> **Dataset records**:
========

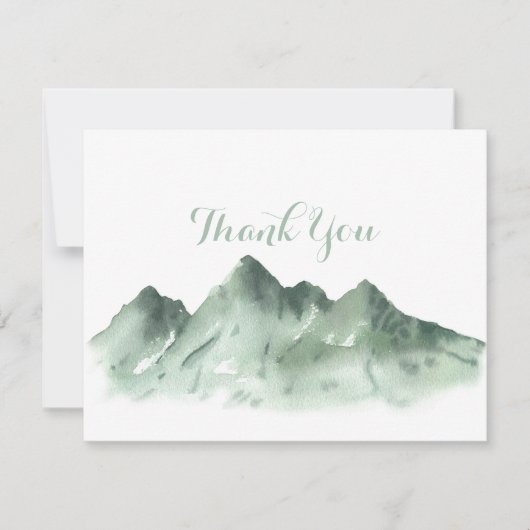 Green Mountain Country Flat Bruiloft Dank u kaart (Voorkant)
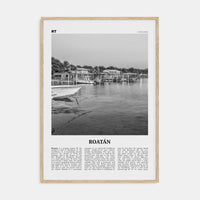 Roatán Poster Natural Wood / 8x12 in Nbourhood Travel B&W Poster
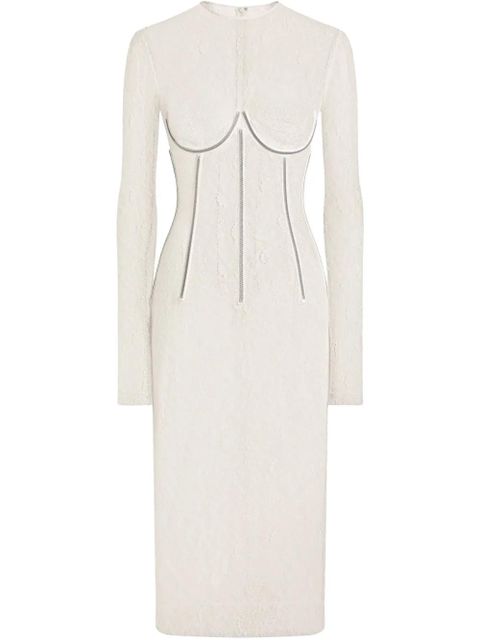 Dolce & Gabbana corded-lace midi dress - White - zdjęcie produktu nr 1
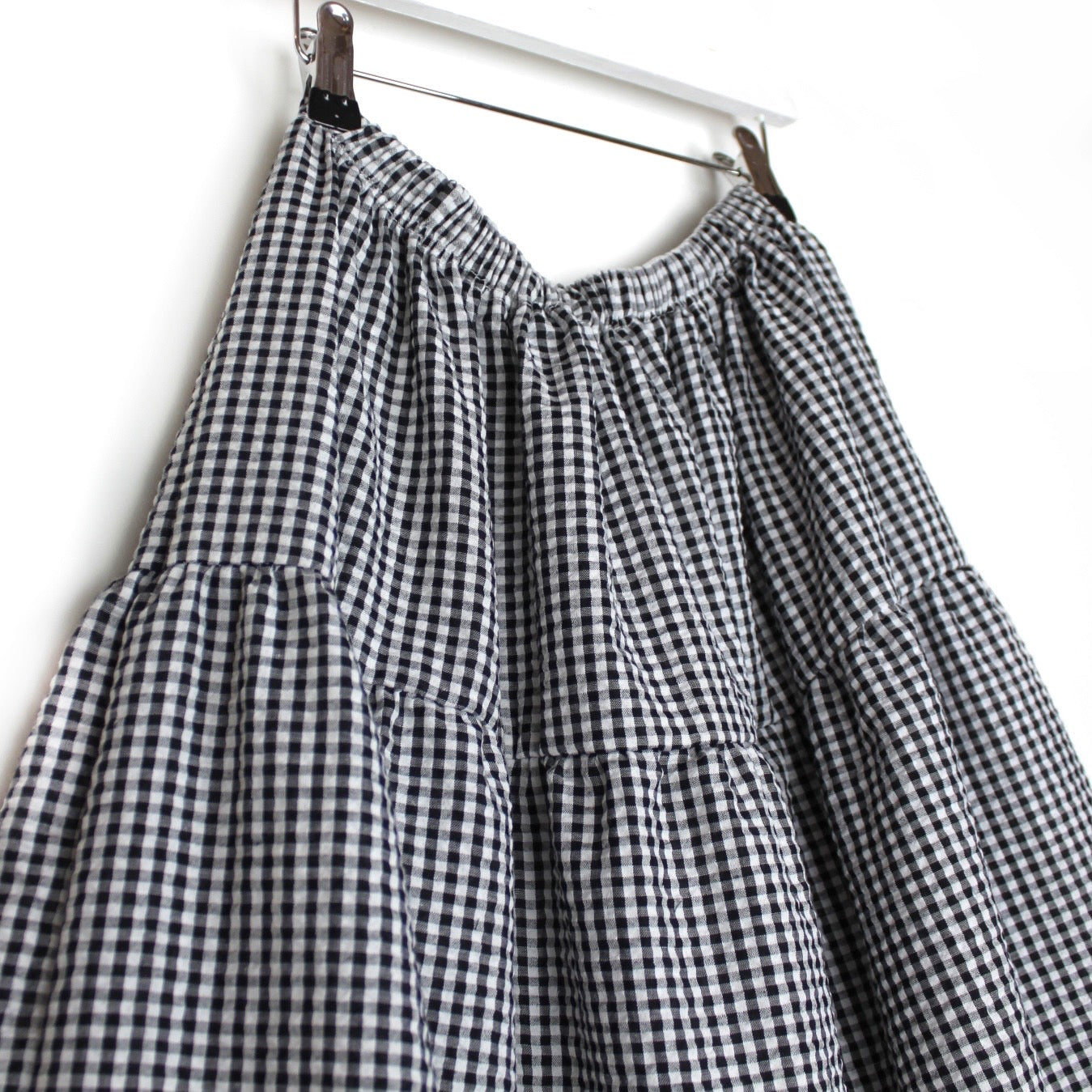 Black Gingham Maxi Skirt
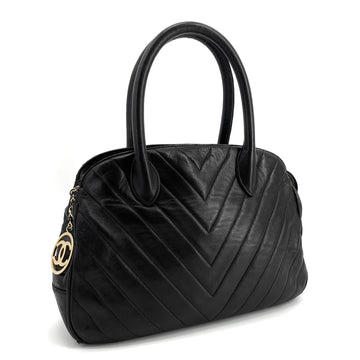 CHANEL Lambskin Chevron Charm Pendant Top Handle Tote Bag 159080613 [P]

========

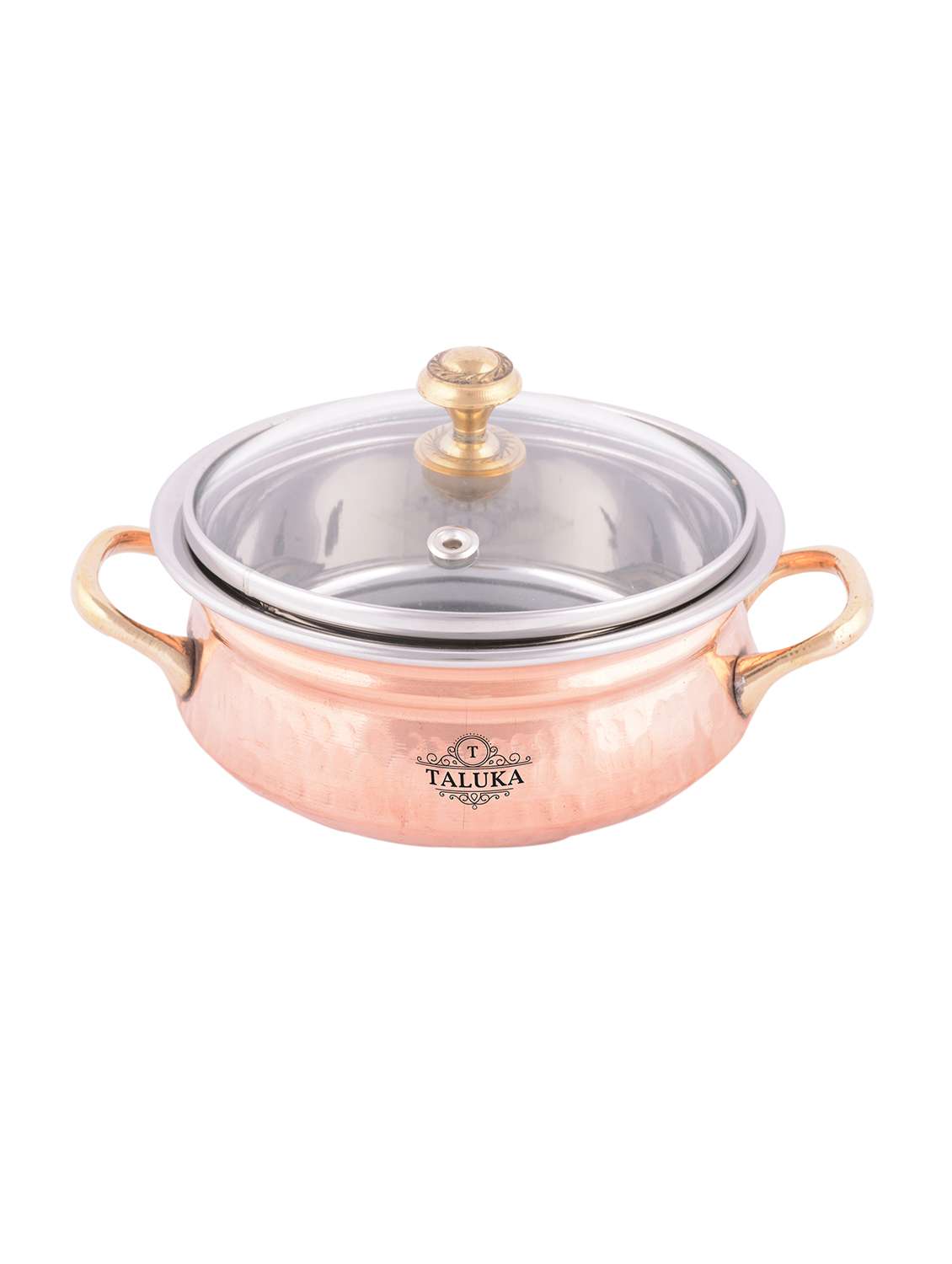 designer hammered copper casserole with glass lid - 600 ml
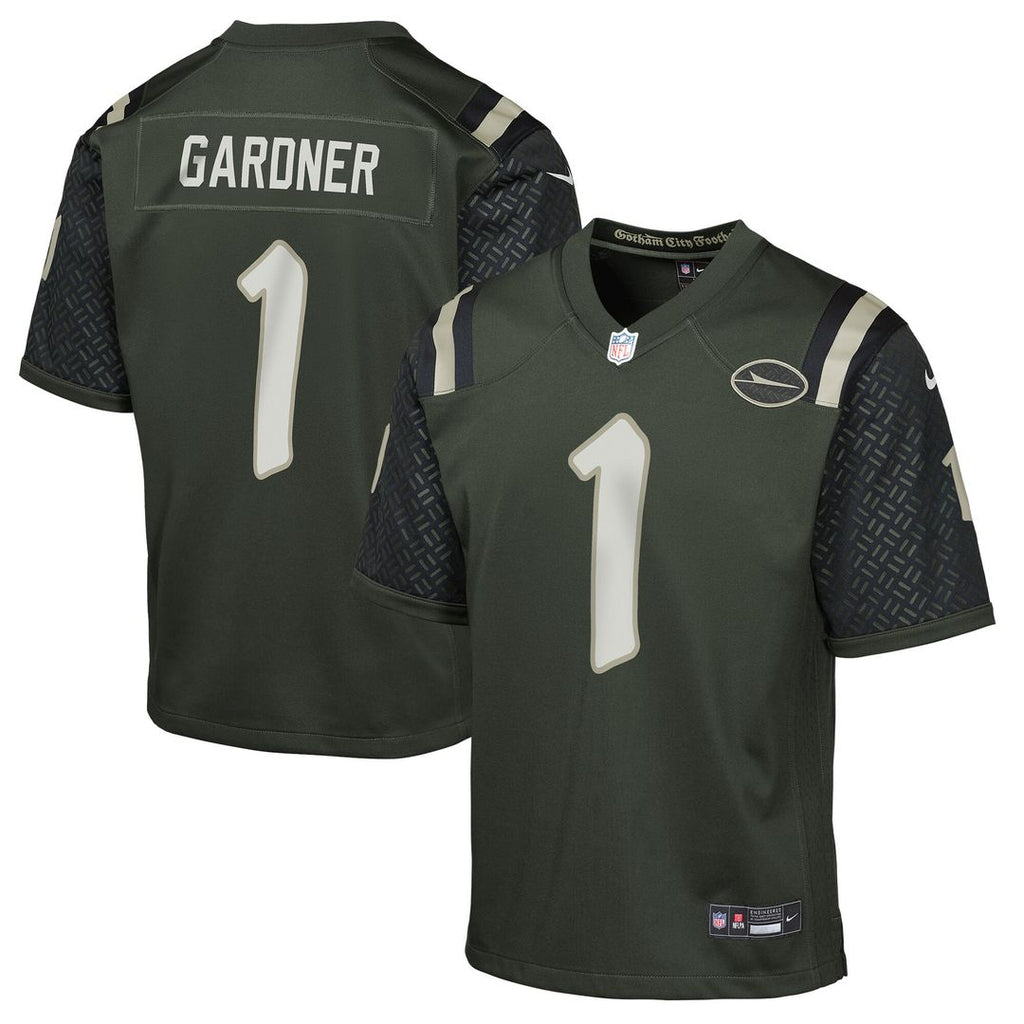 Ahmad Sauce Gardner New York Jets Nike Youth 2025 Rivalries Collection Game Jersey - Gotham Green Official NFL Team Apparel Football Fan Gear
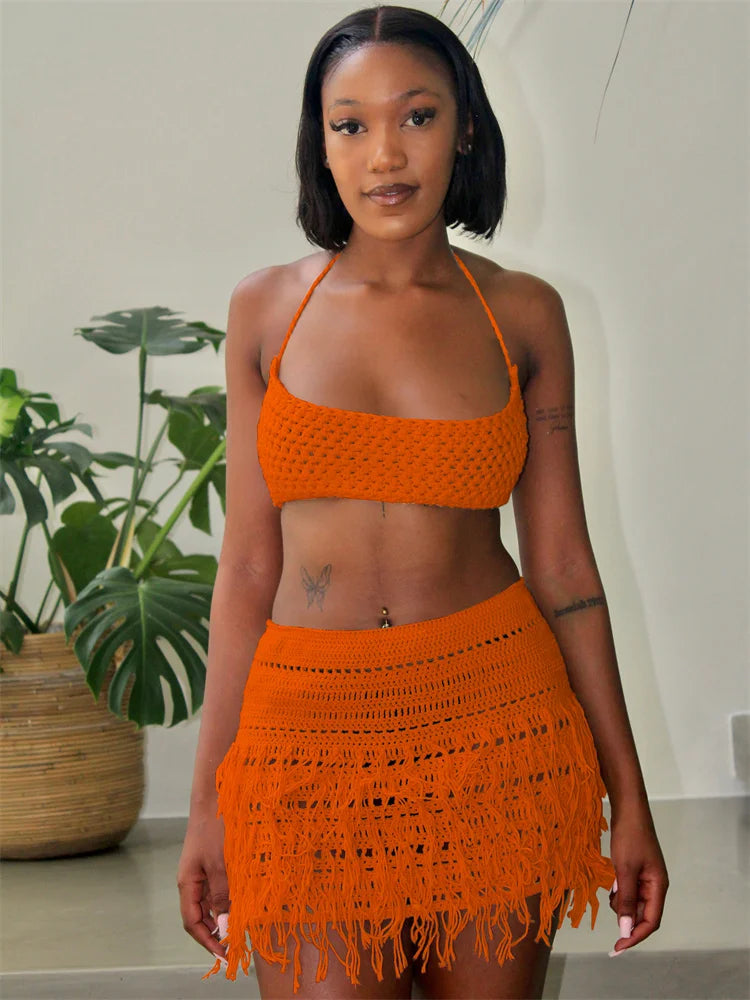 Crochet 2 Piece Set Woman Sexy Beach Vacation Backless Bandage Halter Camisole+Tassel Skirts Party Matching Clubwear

========

Give again the stretch of lines above from the one with "Ahmad Sauce Gardner" through the one with "Crochet 2 Piece", both ends kept, and copy no pictures.

 Ahmad Sauce Gardner New York Jets Nike Youth 2025 Rivalries Collection Game Jersey - Gotham Green Official NFL Team Apparel Football Fan Gear
 Crochet 2 Piece Set Woman Sexy Beach Vacation Backless Bandage Halter Camisole+Tassel Skirts Party Matching Clubwear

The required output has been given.